#### [WHAT THE TASK REQUIRES]
The whole listing below should be printed again exactly, with no images.

*****

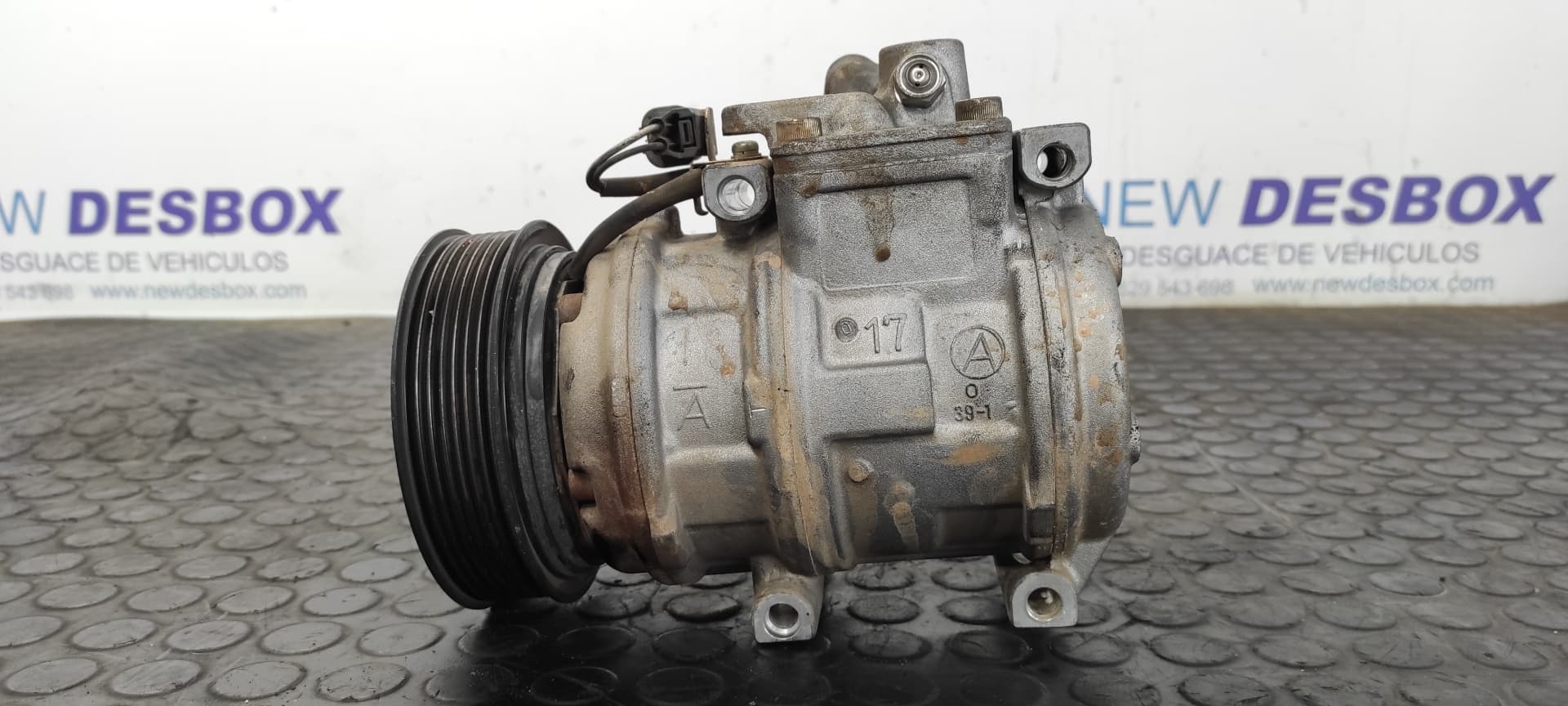 Recambio de COMPRESOR AIRE ACONDICIONADO para LAND ROVER DISCOVERY (LT) TD5 Trophy 15P referencia OEM IAM 4472004962 - PLATA 3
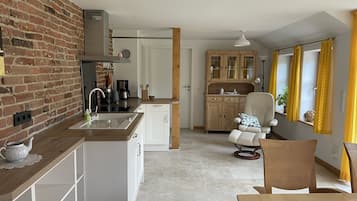 Réfrigérateur, four, plaque de cuisson, lave-vaisselle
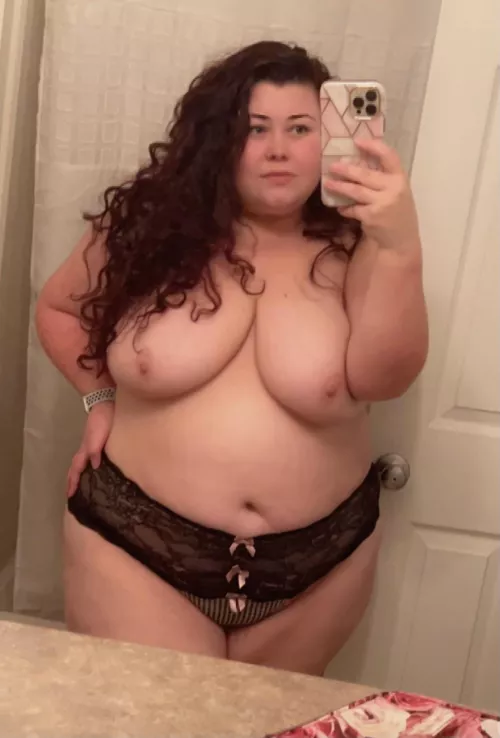 [29F] Happy FriYAY y’all 😘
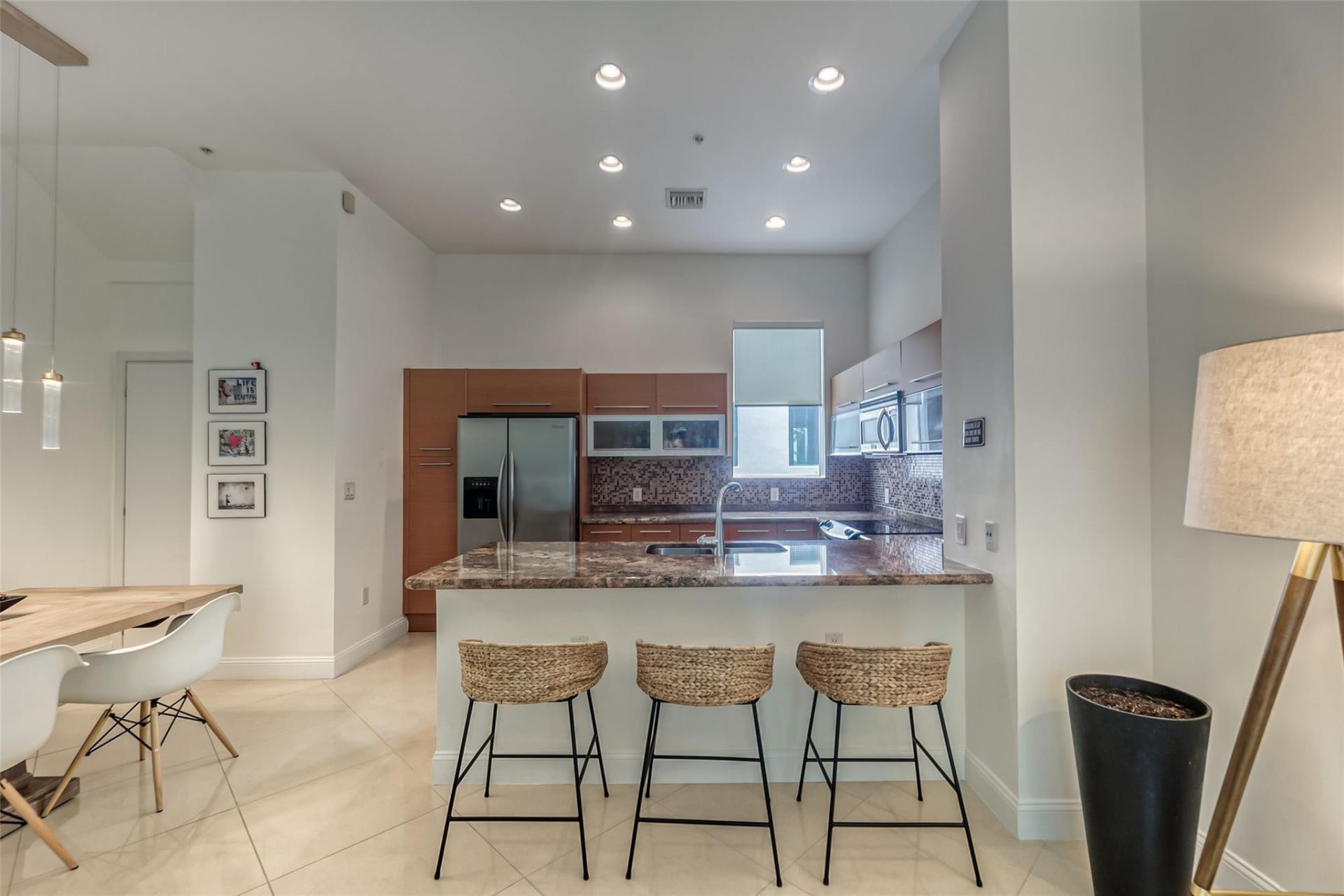 727 NE 4th Avenue, Fort Lauderdale, FL 33304 Photo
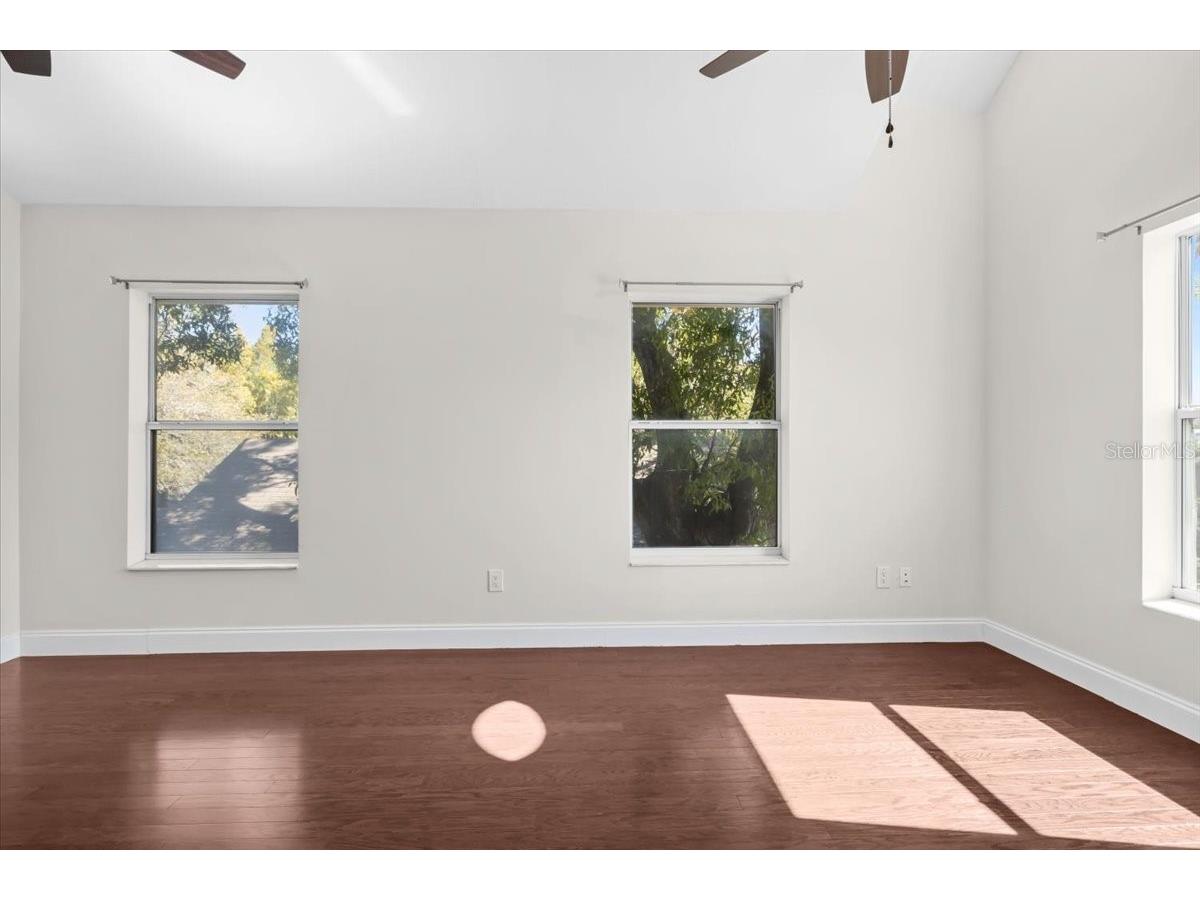 2327 4th Avenue N Saint Petersburg FL 33713 TB8474461 image33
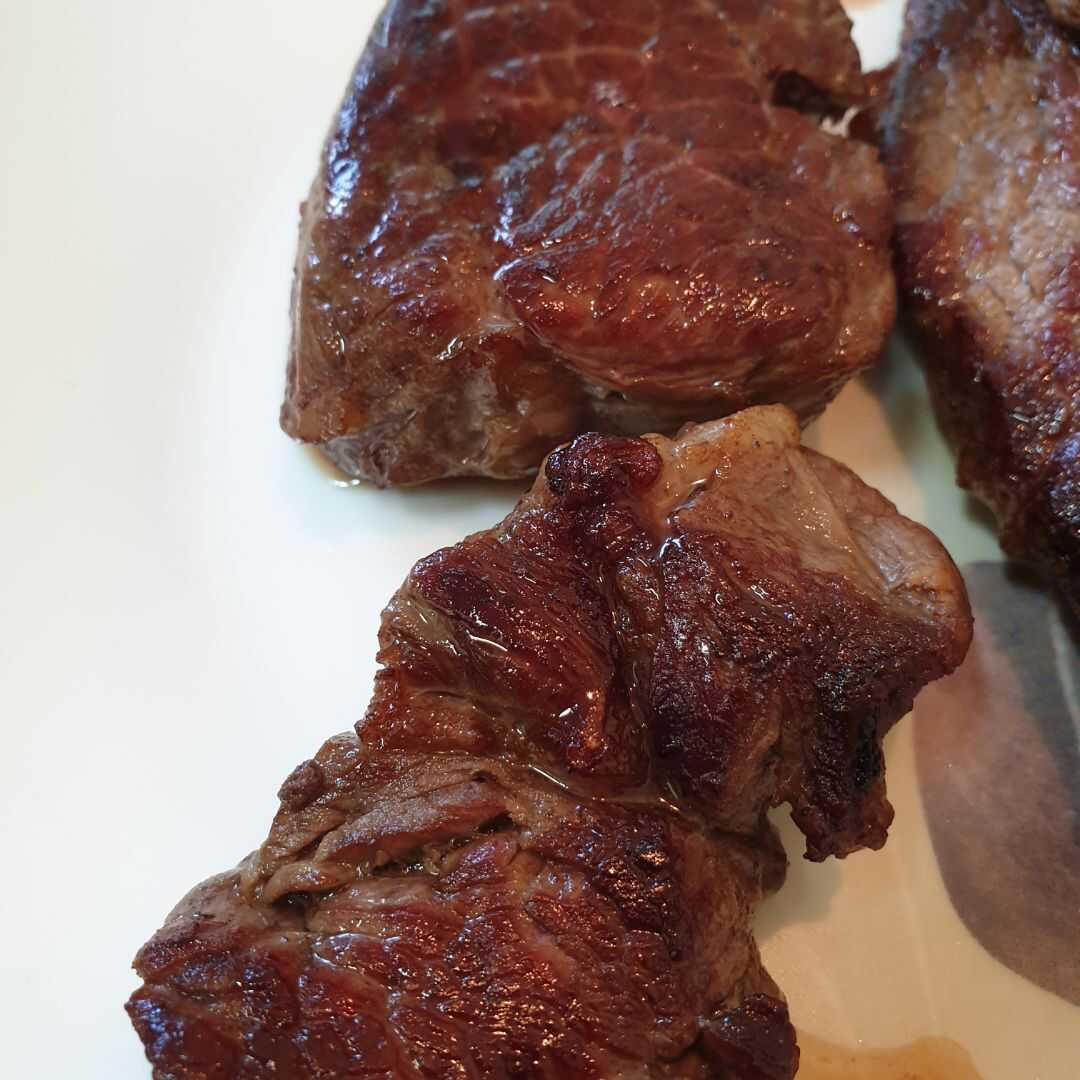 쇠고기 목살 (부채살, 지방 0.5센치)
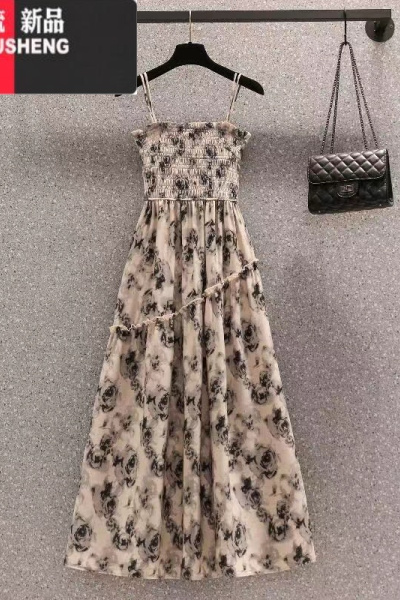 YIBUSHENG连衣裙抖音2024新款气质吊带长裙季度假风仙碎花高腰显廋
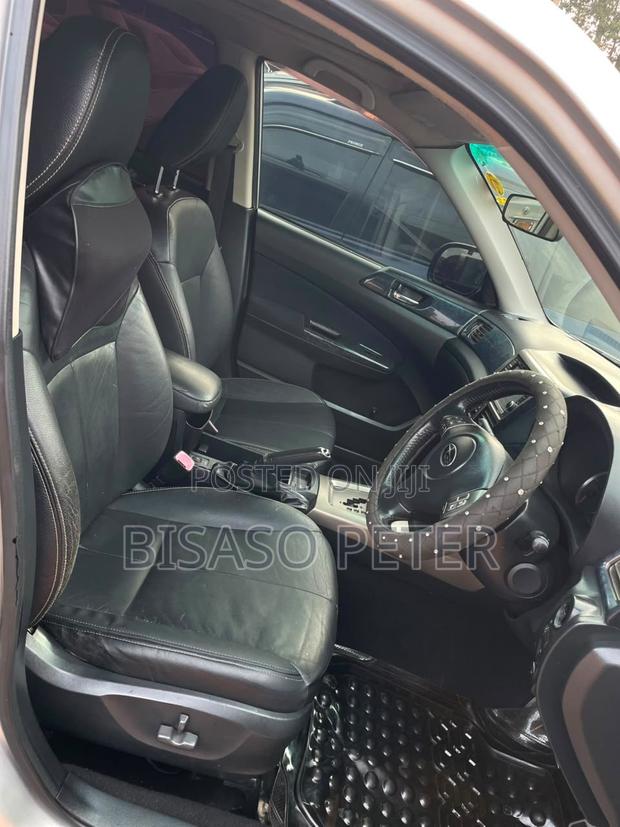 Subaru Forester 2010 Silver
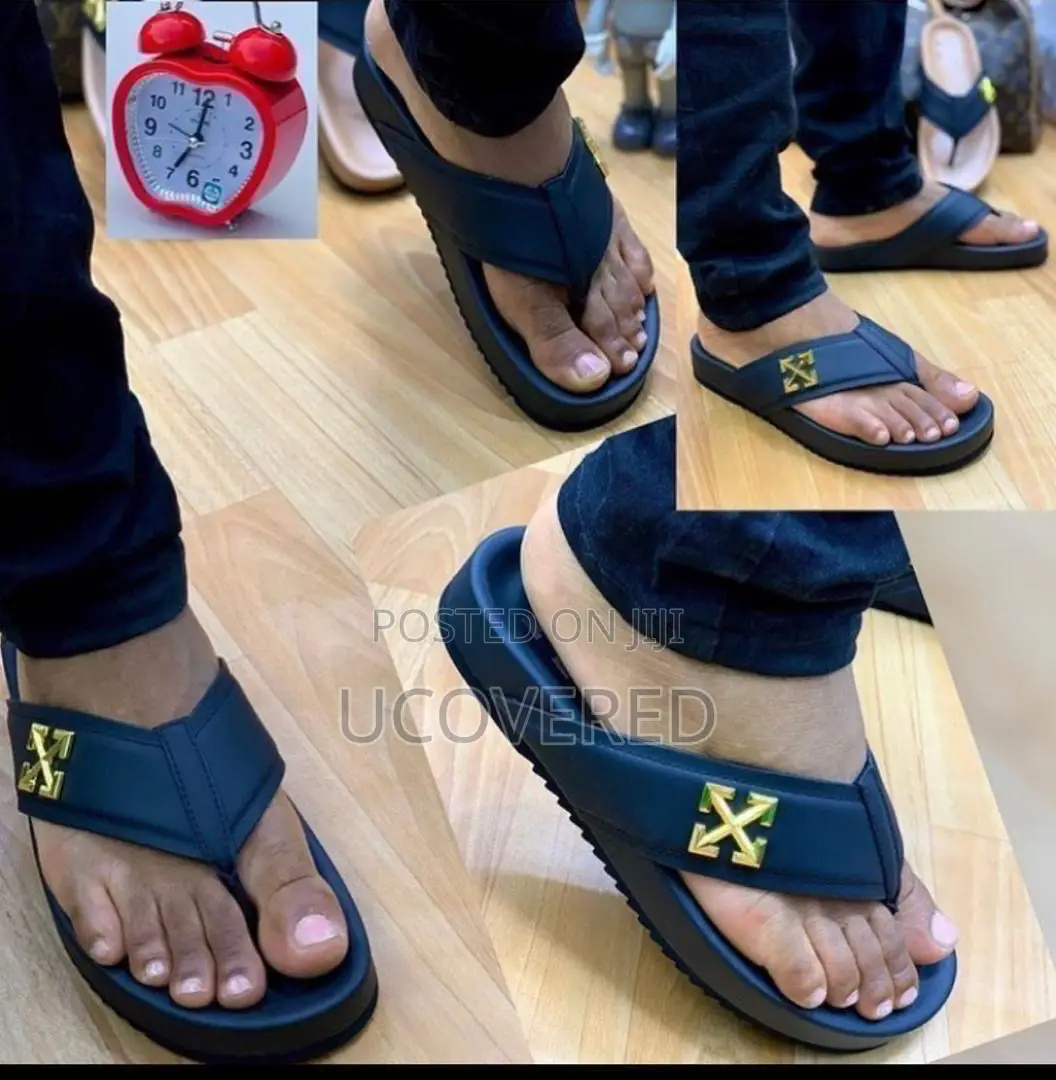 Quality Branded Men’S Slippers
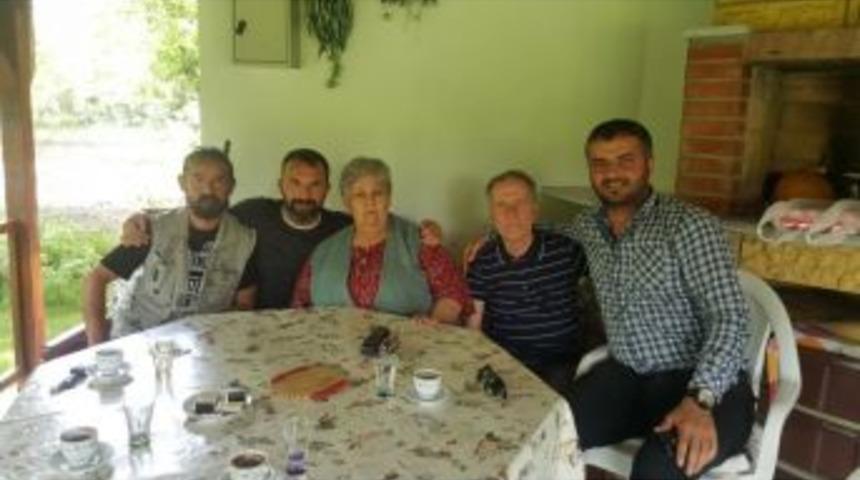 Gazetecilerden Duygulandıran Ziyaret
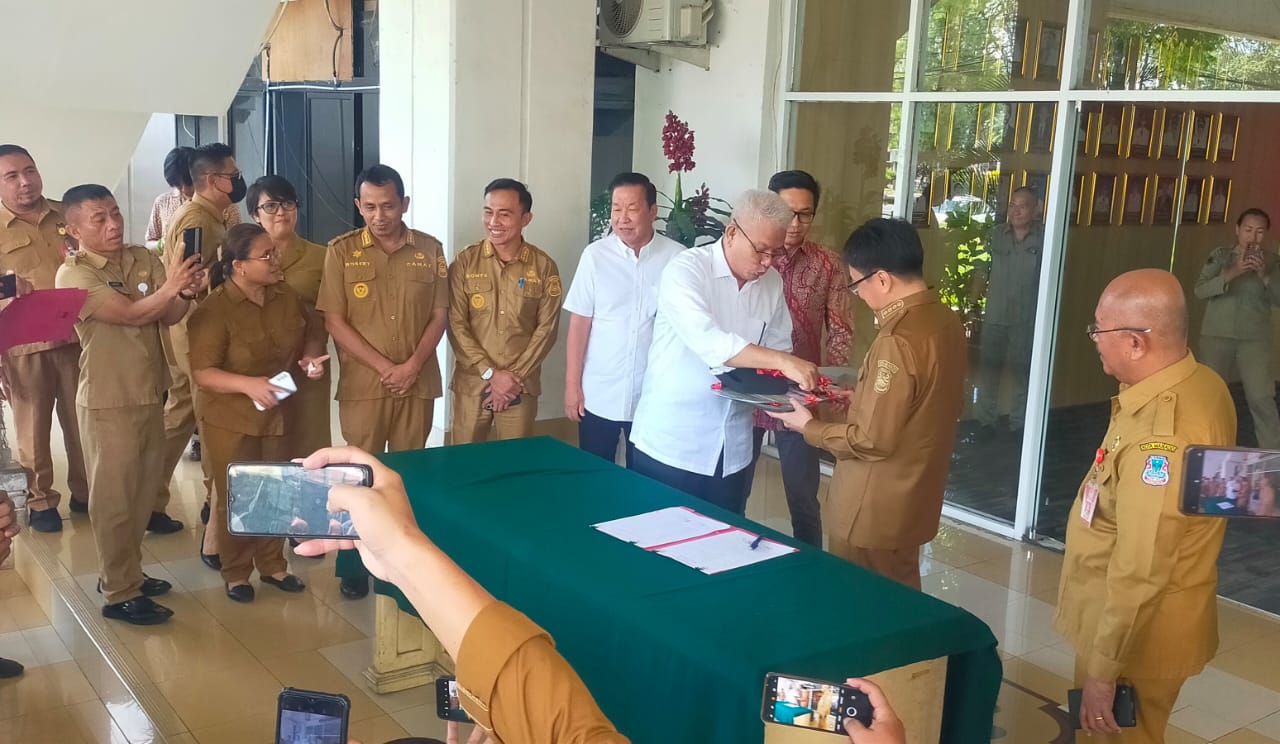 Walikota AA Terima 2 Truk Angkut Sampah per Unit Rp 500-an juta, Jatah Wenang dan Mapenget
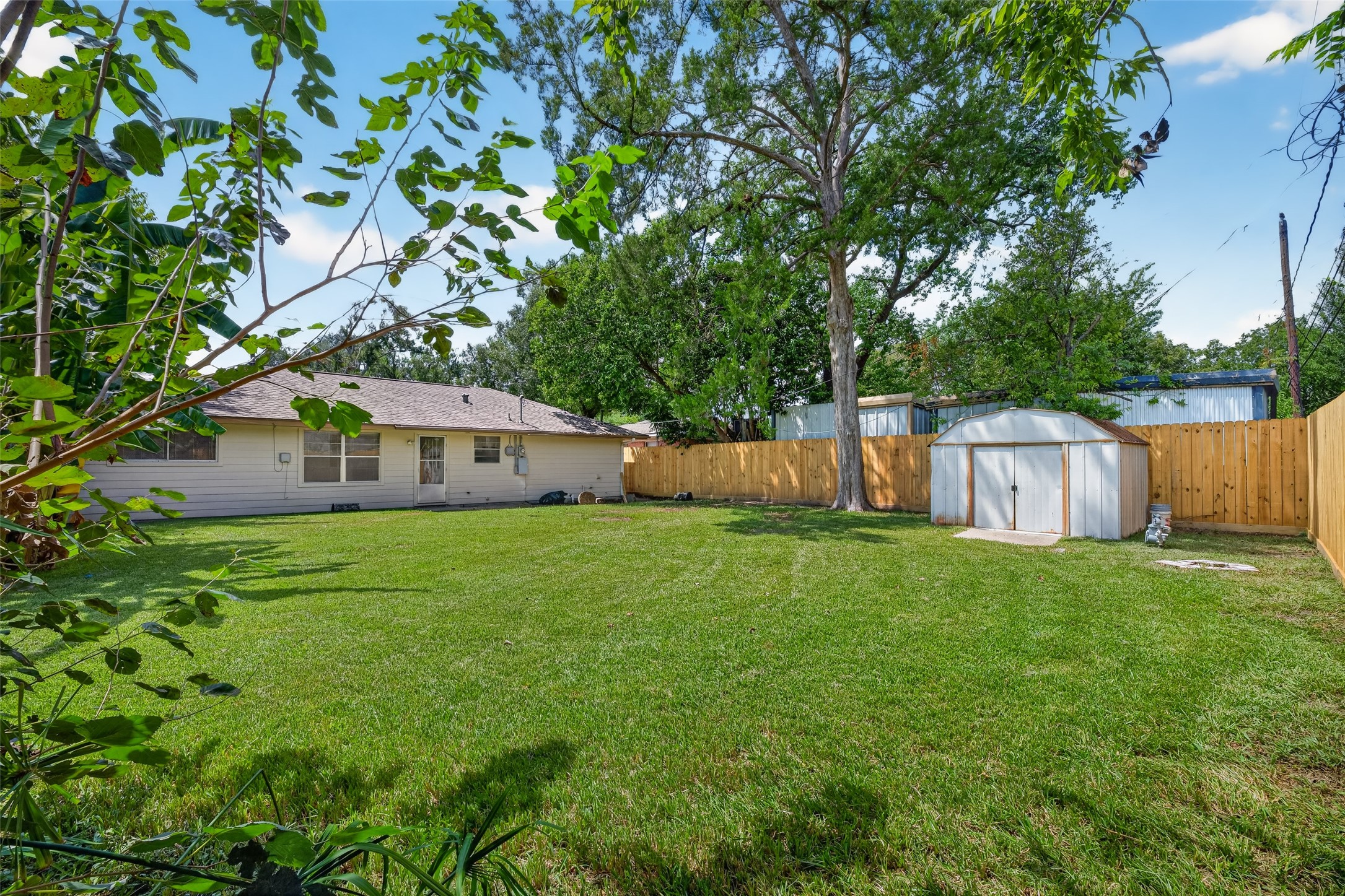 6734 Sharpcrest Street Property Photo 37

*****

#### [TASK OUTPUT]
 Recambio de COMPRESOR AIRE ACONDICIONADO para LAND ROVER DISCOVERY (LT) TD5 Trophy 15P referencia OEM IAM 4472004962 - PLATA 3
 Réfrigérateur, four, plaque de cuisson, lave-vaisselle
 [29F] Happy FriYAY y’all 😘
 727 NE 4th Avenue, Fort Lauderdale, FL 33304 Photo
 2327 4th Avenue N Saint Petersburg FL 33713 TB8474461 image33
 쇠고기 목살 (부채살, 지방 0.5센치)
 YIBUSHENG连衣裙抖音2024新款气质吊带长裙季度假风仙碎花高腰显廋
 Subaru Forester 2010 Silver
 Quality Branded Men’S Slippers
 Gazetecilerden Duygulandıran Ziyaret
 Walikota AA Terima 2 Truk Angkut Sampah per Unit Rp 500-an juta, Jatah Wenang dan Mapenget
 6734 Sharpcrest Street Property Photo 37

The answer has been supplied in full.